WHAT THE TASK ASKS:
Retype the material that follows exactly, limited to the lines from the one with "Banteay Kdei" through the one with "Who is Asif", and keep out all pictures.

WORKING DATA:
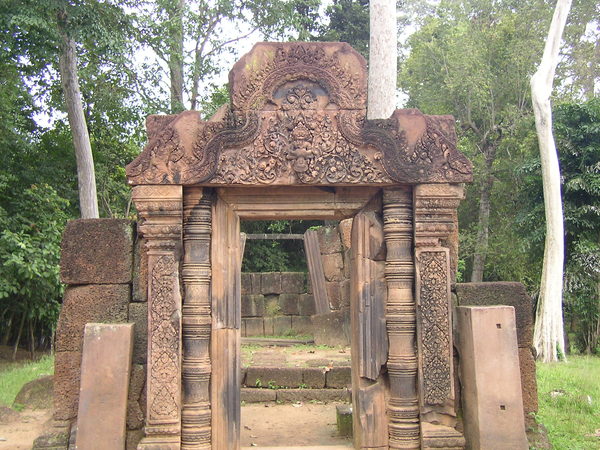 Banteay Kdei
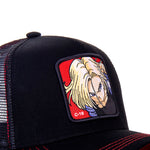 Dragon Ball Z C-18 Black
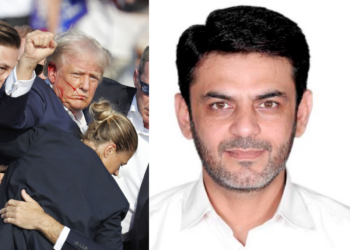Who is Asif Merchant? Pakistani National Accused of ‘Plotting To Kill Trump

---

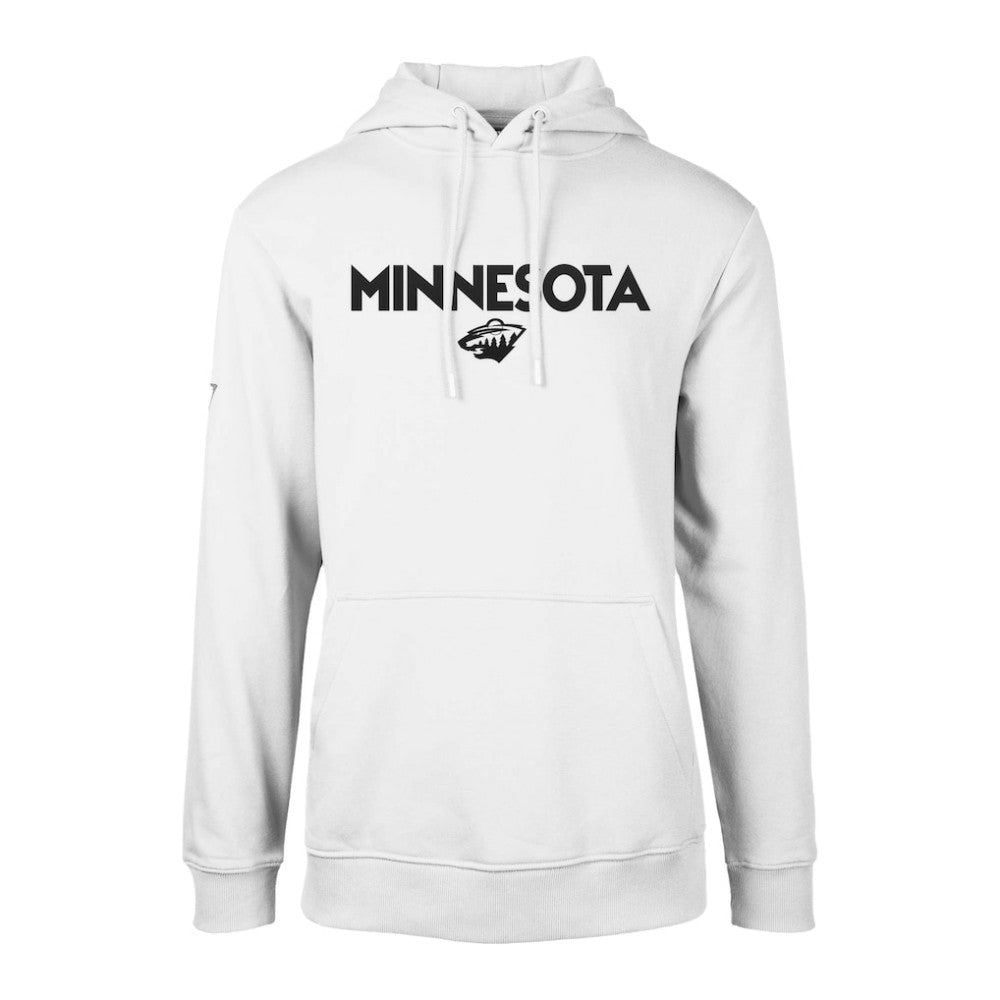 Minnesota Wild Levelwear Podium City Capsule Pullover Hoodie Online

COMPLETED EXERCISE:
 Banteay Kdei
 Dragon Ball Z C-18 Black
Who is Asif Merchant? Pakistani National Accused of ‘Plotting To Kill Trump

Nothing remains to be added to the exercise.